Fila tutto liscio come l’olio? Beh, chiaramente no.
Il caso Fitto – Ribeira
Solamente ieri, mercoledì 20 ottobre, è terminato il lungo braccio di ferro tra popolari e democratici per le nomine di Raffaele Fitto e Teresa Ribeira.
I democratici, i liberali e i verdi non intendevano votare come vicepresidente Fitto in quanto esponente di ECR, partito che non ha supportato la candidatura di Von der Leyen. In effetti, come è possibile che in Commissione trovi rappresentanza anche chi ha dichiarato di non volerla sostenere? Sembra strano, ma formalmente è possibile. Infatti, la nomina dei commissari è proposta dai governi e, più che riflettere
la composizione delle forze politiche a Strasburgo, riflette gli assetti politici nazionali.
Di contro, i popolari, che vogliono crearsi una sponda con i riformisti e conservatori europei, provando a seguire un po’ il trend delle ultime politiche, che vede l’Europa spostarsi sempre più a destra, hanno tentato di convincere l’ala più progressista a non votare per la spagnola Ribeira, che poi comunque ce l’ha fatta come il suo collega italiano.
Altro nome non particolarmente ben visto è quello dell’ungherese Várhelyi, un po’ per lo stretto legame con Orban, un po’ per il rapporto ostico con gli europarlamentari.
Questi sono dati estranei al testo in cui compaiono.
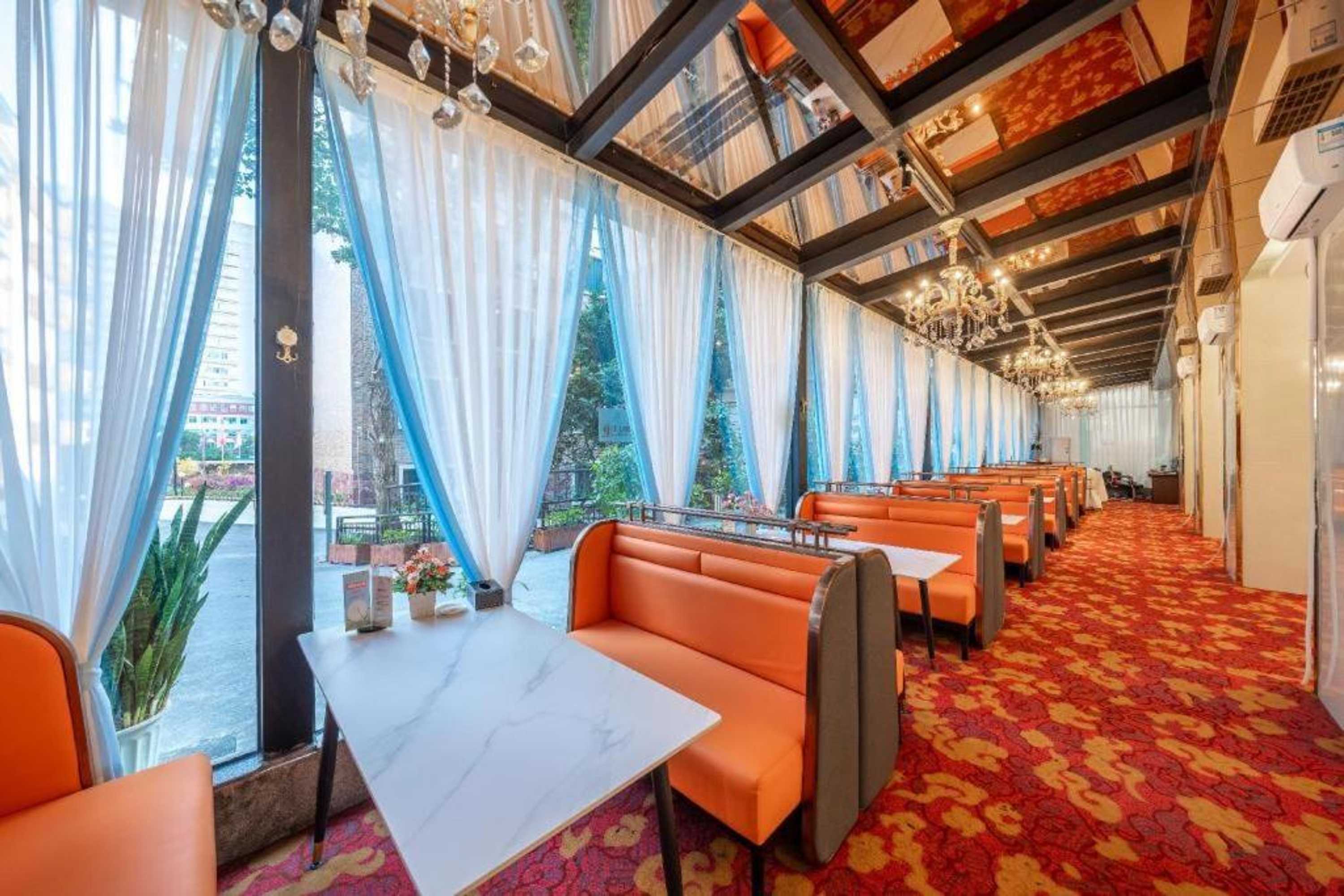 Gift card for Yongzhou Hotel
Nelle vesti di commissario all’Allargamento nel primo mandato di Von der Leyen, infatti, aveva definito i membri dell’Eurocamera degli “idioti” – non proprio un’ottima strategia per ingraziarseli.
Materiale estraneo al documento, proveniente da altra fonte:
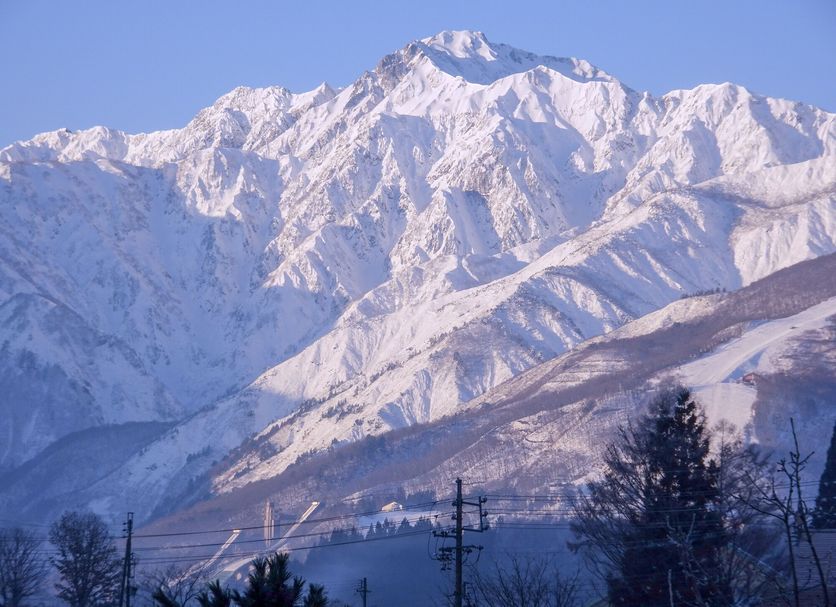 Outdoor view Photo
Addirittura tra i corridoi di Bruxelles si vocifera l’eventualità di sostituire Von der Leyen con Mario Draghi (solito jolly istituzionale) nel caso in cui la presidente eletta non riesca a venire a capo di questo impasse.
Però è proprio il fatto che l’ingranaggio rischi (momentaneamente) di incepparsi che mette in luce la misura dell’importanza che ha per l’Unione la nomina dei commissari. Insomma, perché aver previsto una procedura così complessa e che vede la concertazione di tutti gli organi politici non è bastato? Perché tutto non riesce a fluire esattamente come previsto dai Trattati? Dove e perché si crea l’ingorgo?
Ecco che queste domande ci suggeriscono che deve interessarci sapere chi sono i commissari, di che nazionalità sono, che portafoglio hanno.
Equilibri interni e peso internazionale dell’Ue
Sebbene i Trattati prescrivano l’indipendenza dei commissari perché solo in una condizione di libertà possono curare gli interessi dell’intera Unione, la loro nomina è di fatto affidata ai governi dei 27 e all’Eurocamera.
Questo riflette, come in un caleidoscopio, gli equilibri politici tra gli Stati europei, ma anche quelli tra i partiti che animano le agorà nazionali e quella comunitaria.
Quindi, oltre a un buon banco di prova per le linee programmatiche che si intendono seguire, le dinamiche interne che portano alla nomina della Commissione mostrano lo stato di salute dell’Unione, delle relazioni tra i suoi Stati membri e tra le famiglie politiche europee, e l’efficienza reale dei suoi meccanismi democratici.
«Mentre a Bruxelles si delibera, Sagunto viene espugnata» verrebbe da dire, se proviamo ad allargare l’orizzonte, includendo la situazione geopolitica che da un po’ di anni e oggi anche con l’elezione di Trump alla Casa Bianca si sta delineando.
Questo, però, non necessariamente vuol dire dover rivisitare i Trattati nell’ottica di rafforzare l’esecutivo europeo, perché sia più aderente con gli orientamenti nazionali.
Semmai si dovrebbe immaginare di escludere dal dialogo per la definizione dell’esecutivo i governi nazionali, per riportare tutto alla dialettica democratica tra Parlamento, che vota la fiducia, e presidente eletto.
In realtà, se ci soffermiamo un altro po’, non possiamo non considerare quanto lo strumento giuridico non sia sempre quello più efficace per risolvere una situazione che, invece, è prettamente politica.
Non sempre basta cambiare le regole per far funzionare le cose. Sarebbe la scelta “più semplice”, ma probabilmente quella meno risolutiva.
Pensiamoci: si organizza una festa quando si taglia un traguardo. E tagliare un traguardo vuol dire aggiungere un tassello in più al proprio percorso di crescita. Vuol dire, quindi, che si sta crescendo.
Forse il contesto internazionale e quello interno altro non stanno facendo che ricordare all’Europa che è già maturata e che è tempo di capire cosa vuole essere da grande.